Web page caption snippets
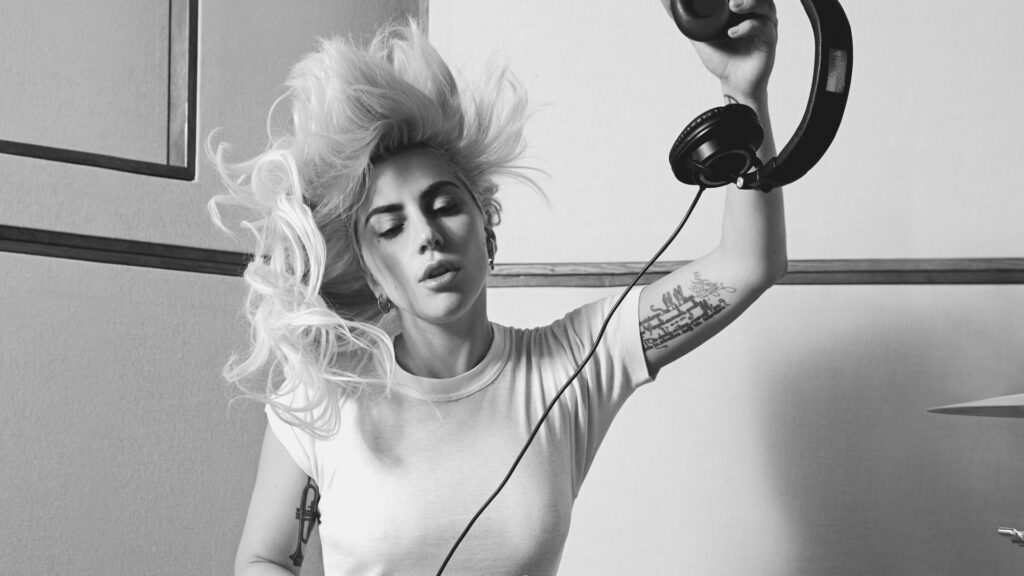 Lady Gaga pyta czym jest Fortnite – Internet jej odpowiada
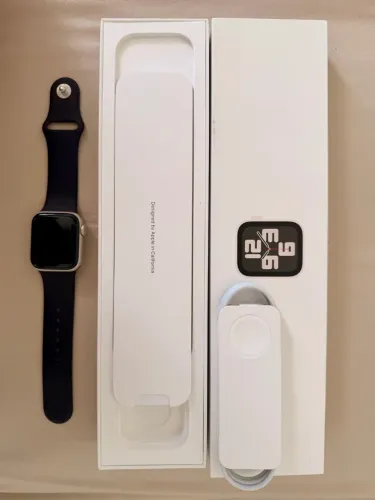 Apple Watch SE (2ª Gera) 40 mm - EXCELENTE ESTADO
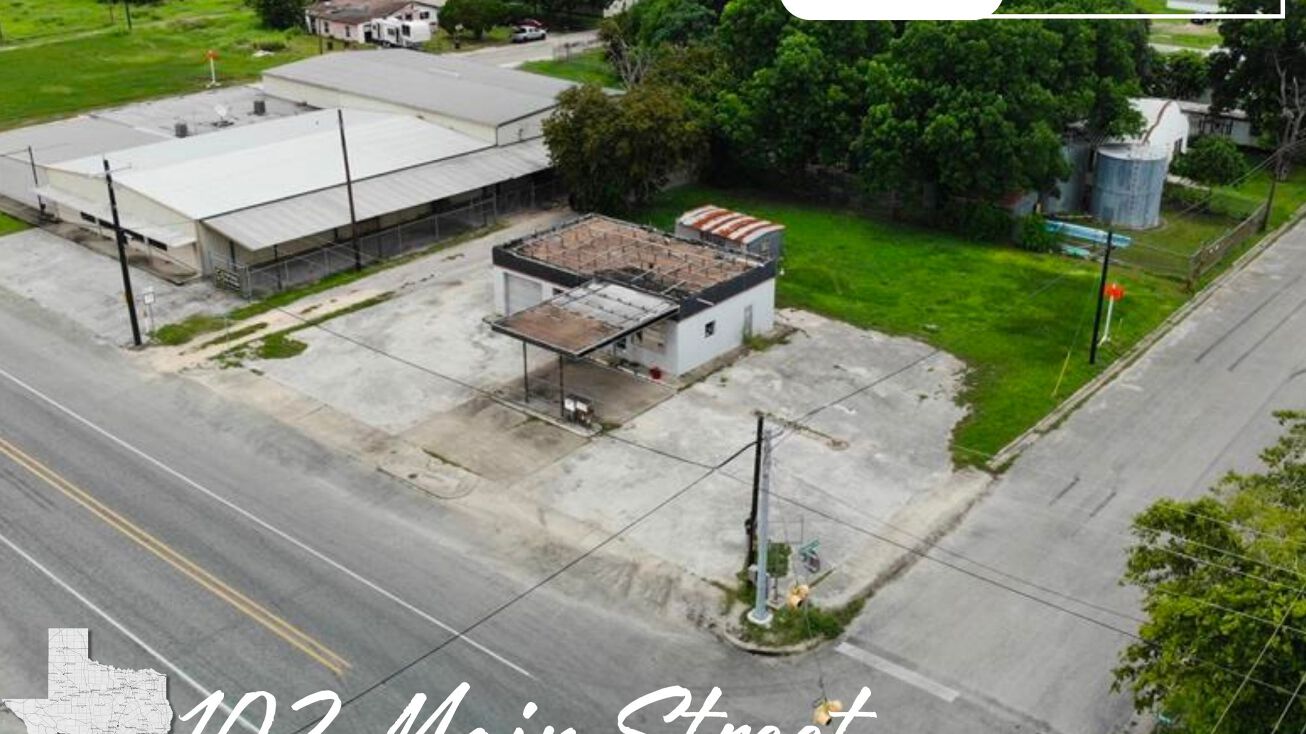 102 Main St, Tivoli, TX 77990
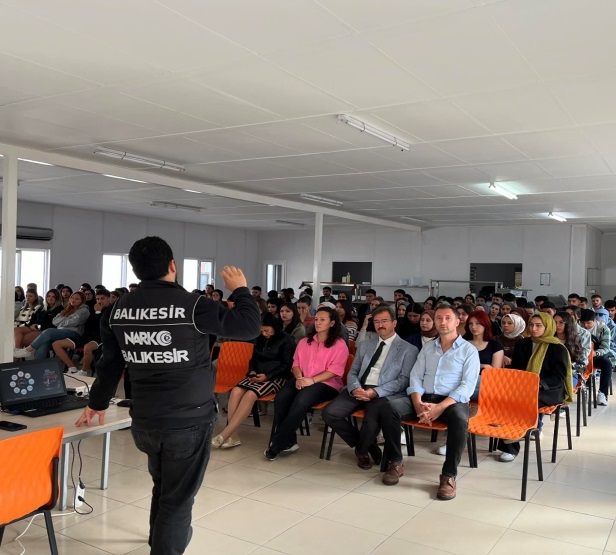 Narkorehber Gençlik Modülü Semineri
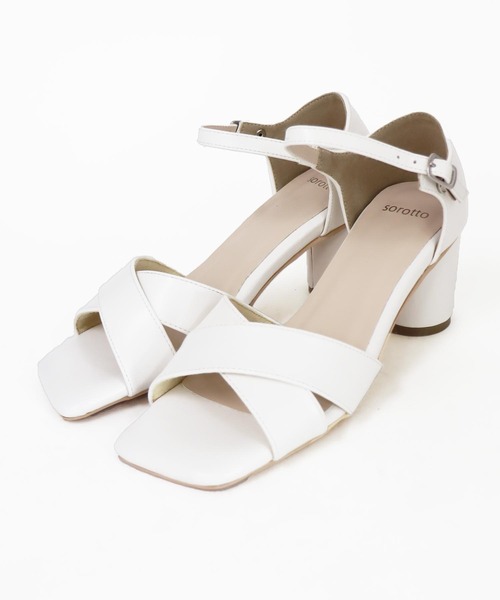 SOROTTO（ソロット）の「ラウンドヒールのクロスストラップスクエアトゥサンダル（サンダル・レディース・ホワイト/ブラック/ブラウン/ピンク/イエロー・22.5cm/23.5cm/24.5cm/23.0cm/24.0cm）」の19枚目の写真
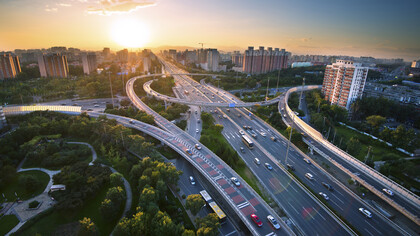 Les voitures autonomes utilisent de multiples capteurs et l'intelligence artificielle pour remplacer le conducteur humain, sans nécessiter la 5G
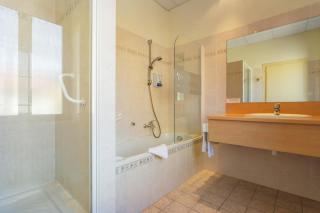 Logis Hotel Restaurant Remotel - 4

WORK TASK.
Please repeat every record above exactly, leaving the pictures out.

REPLY.
 Lady Gaga pyta czym jest Fortnite – Internet jej odpowiada
 Apple Watch SE (2ª Gera) 40 mm - EXCELENTE ESTADO
 102 Main St, Tivoli, TX 77990
 Narkorehber Gençlik Modülü Semineri
 SOROTTO（ソロット）の「ラウンドヒールのクロスストラップスクエアトゥサンダル（サンダル・レディース・ホワイト/ブラック/ブラウン/ピンク/イエロー・22.5cm/23.5cm/24.5cm/23.0cm/24.0cm）」の19枚目の写真
 Les voitures autonomes utilisent de multiples capteurs et l'intelligence artificielle pour remplacer le conducteur humain, sans nécessiter la 5G
 Logis Hotel Restaurant Remotel - 4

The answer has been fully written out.